3 Things You Must Do Once Your Divorce Is Final

August 23, 2018 By Gratia P. Schoemakers, Esq.

The divorce process can be long and expensive.  However, the work does not end once the divorce decree is signed. In order to ensure that your assets and estate planning wishes are carried out in light of this major life change, there are three things you must do as soon as possible.What’s Next?

Change Beneficiary Designation On Life Insurance

A life insurance policy is a contract between you and the insurance company.  You designate the beneficiary (the individual(s) or entity who will receive the proceeds upon your death) and the insurance company will pay them when you die. Because the beneficiary designation is a legally binding contract, the insurance company has to pay the individual listed as your beneficiary. If your ex-spouse is listed as the beneficiary, they will pay the funds out to him or her.  It does not matter to the insurance company if the two of you are now divorced.

Update Beneficiary Designation On Retirement Plans

Although state law may automatically revoke a designation on a retirement plan if the ex-spouse is listed, federal law states that the last named beneficiary is the one who is entitled to the funds. Depending upon what type of retirement account you have, it might be the state law that controls or the federal law.  To be on the safe side and avoid a potentially long and costly battle for your family, it is best to change the beneficiary as soon as possible.
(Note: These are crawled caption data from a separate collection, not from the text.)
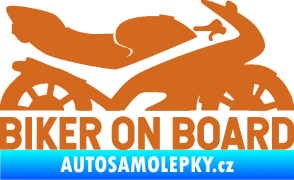 Samolepka Biker on board pravá motorka oříšková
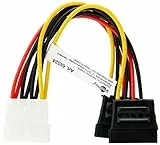 goobay SATA Stromkabel Y-Adapter, Molex auf 2x SATA Strom Splitter, 4-Pin auf 15-Pin Verteiler für SSD, HDD Festplatten & DVD Laufwerke - 98524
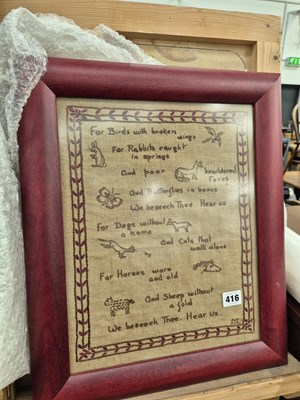 Lot 416 - A small sampler picture. Undated.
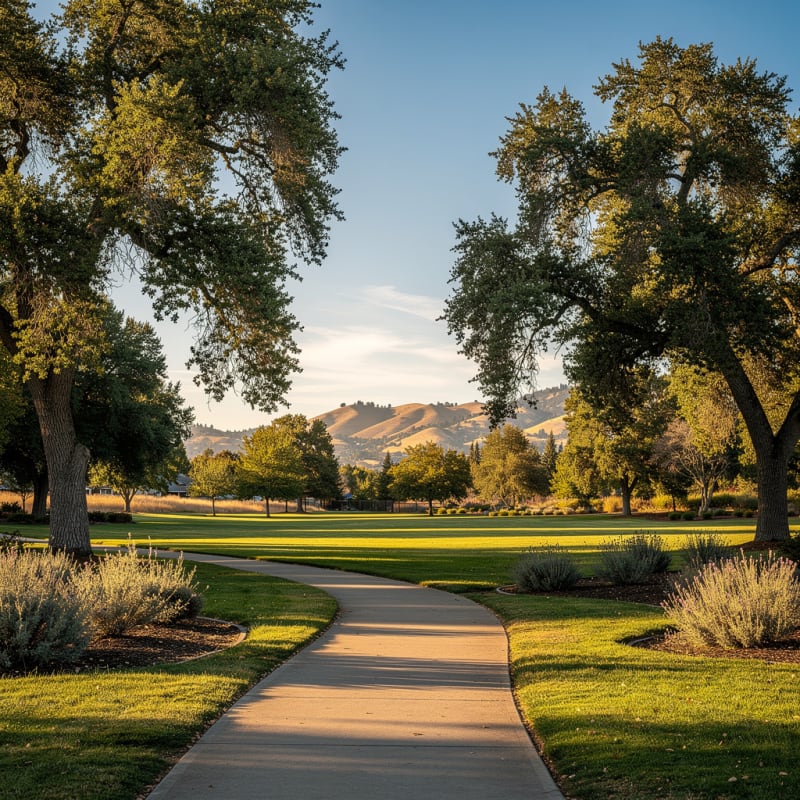 Tree-lined park and walking path in a Rohnert Park neighborhood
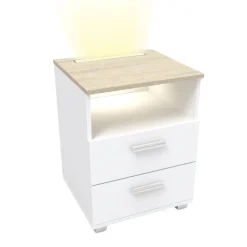 kalb | Mila - Nachtkonsole Nachttisch mit integriertem LED Licht, dimmbar Farbe: Eiche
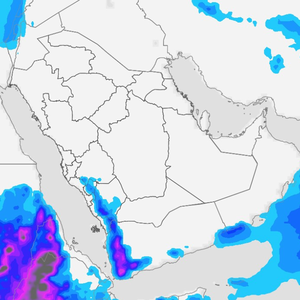 السعودية | توقعات النمذجة الحاسوبية لفرص الأمطار خلال الـ 120 ساعة القادمة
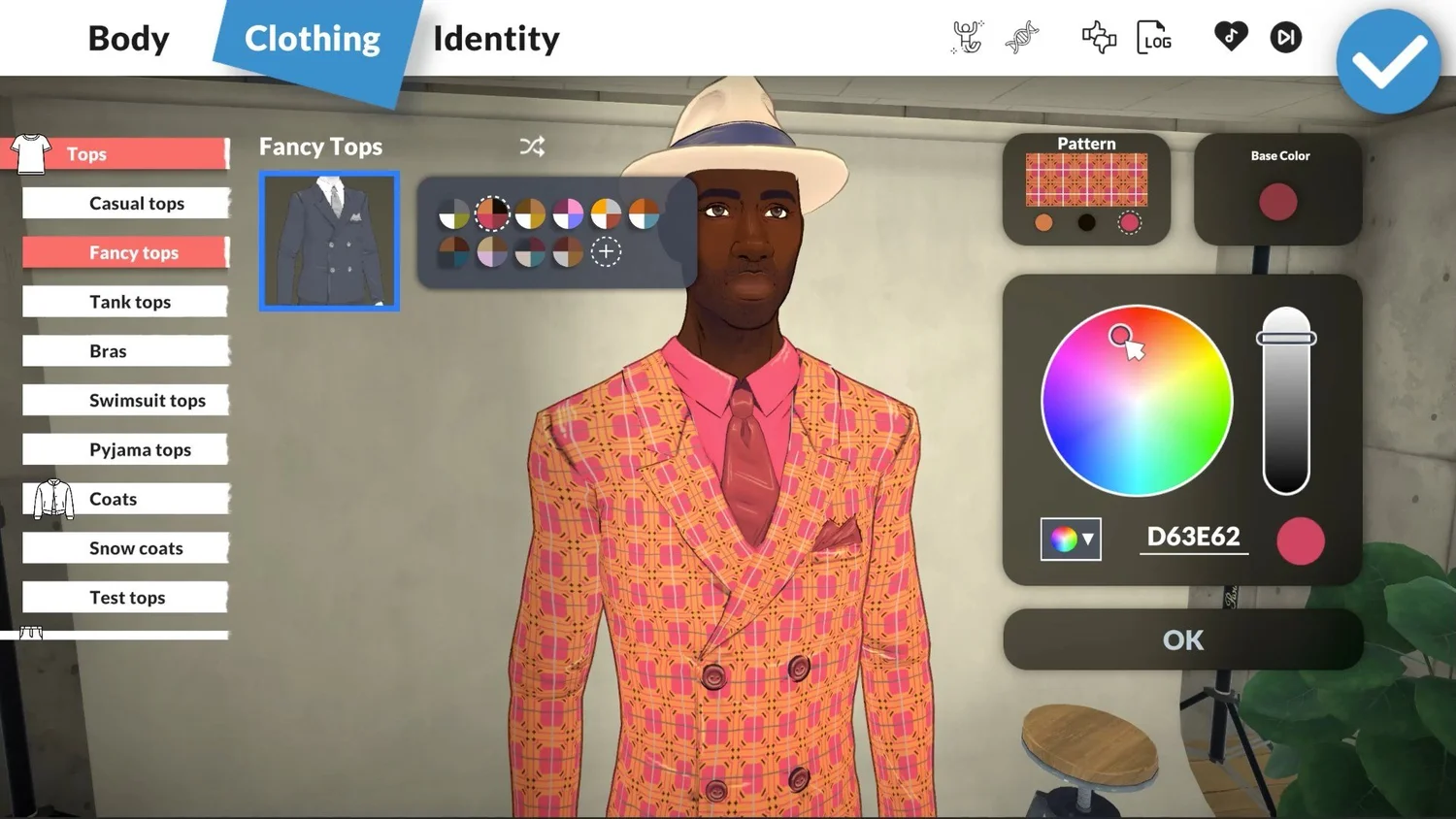 Official Paralives Paramaker screenshot showing color and pattern customization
Create or Revise Your Estate Plan

If you and your former spouse had a joint trust, you will need to have your own individual trust created to hold the assets that are now in your name only. In this new plan, you will need to think about who to name as the trustee and beneficiary. If you have minor children, you may also need to consider who is going to be the individual to manage those assets on behalf of your children. In many cases, you probably don’t want your ex-spouse in these roles.

If you do not have any estate planning documents in place, now is the perfect time to get everything in order. After going through the divorce, you probably have a good idea as to what assets you own and the value of them.  This will be very helpful as we discuss the right estate plan for you.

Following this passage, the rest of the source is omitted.